CIRVSIVS HIC IACIT CUNOWORI FILIVS

The reading of the first name as DRVSTANVS seems to be generally accepted at present, with the initial letter(s) construed as a 'D' written back-to-front. I have never yet been able to find the evidence upon which such a reading is based: for example, other inscriptions from (around) the same period in which a 'D' is written back-to front. Do such examples exist? If so, where?
Posted by TonySnell
6th September 2005ce

In a recent edition of Making History on Radio 4, Dr Oliver Padel described the Tristan Stone as a possible converted standing stone. Apparently the inscription on the stone is similar to other 6th Century inscriptions in Cornwall and Wales. He was relatively happy to entertain a connection between the stone and the Tristan of legend, but emphasised that there was no definite link between the stone and the story. Nothing surprising there I guess. Kammer Posted by Kammer
7th May 2004ce

Craig Weatherhill’s ‘Cornovia: Ancient Sites of Cornwall and Scilly’ (1985, revised 1997 & 2000) gives this info – “This great pillar stone, 2.7m high and set on a modern plinth, was formerly called the long stone. Originally it stood closer to Castle Dore, 2 miles to the North. High on the back of the stone is a Tau cross, carved in relief; on the front, running vertically down the stone, is a two line inscription interpreted as ‘Drustanus Hic Lacit Cunomori Filius’ (Drustanus lies here, son of Cunomorus). This has been dated to the sixth century AD. The two names have been equated with the famous Tristan and King Mark of Cornwall; indeed, a ninth century manuscript speaks of ‘Marcus, also named Qunonomorius’ who ruled over both the British and Breton regions of Dumnonia and Domnoneee. Unfortunately, the first name of the inscription is now almost ineligible” pure joy Posted by pure joy
26th March 2003ce

Beside the road leading to Fowey in Cornwall stands an ancient, weathered stone measuring some 7 feet in height and set in a millstone base.

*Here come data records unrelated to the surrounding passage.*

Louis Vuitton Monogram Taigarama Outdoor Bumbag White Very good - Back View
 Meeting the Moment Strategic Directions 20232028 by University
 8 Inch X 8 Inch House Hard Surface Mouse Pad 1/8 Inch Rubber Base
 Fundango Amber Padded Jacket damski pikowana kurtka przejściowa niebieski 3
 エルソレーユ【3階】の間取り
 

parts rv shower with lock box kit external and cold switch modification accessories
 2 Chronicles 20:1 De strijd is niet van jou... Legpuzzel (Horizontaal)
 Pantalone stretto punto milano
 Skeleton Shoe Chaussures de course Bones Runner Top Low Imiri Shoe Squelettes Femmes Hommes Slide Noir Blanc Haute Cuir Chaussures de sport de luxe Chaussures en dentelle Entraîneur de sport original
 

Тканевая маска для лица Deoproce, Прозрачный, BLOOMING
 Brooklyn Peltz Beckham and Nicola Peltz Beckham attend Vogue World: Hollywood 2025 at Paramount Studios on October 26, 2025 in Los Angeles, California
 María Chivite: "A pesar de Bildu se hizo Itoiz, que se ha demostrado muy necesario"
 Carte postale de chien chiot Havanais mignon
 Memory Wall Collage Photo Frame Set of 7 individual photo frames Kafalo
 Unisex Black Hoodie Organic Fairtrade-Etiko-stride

It was once much closer to Castle Dore and may have been the origin of the association of this site with the story of the tragic love of Tristan and Iseult.

There is a Latin inscription on the stone, now much worn, which can be restored with only a little judicial guesswork to read:
Drustans hic iacet Cunomori filius
This means, "Drustanus lies here, the son of Cunomorus".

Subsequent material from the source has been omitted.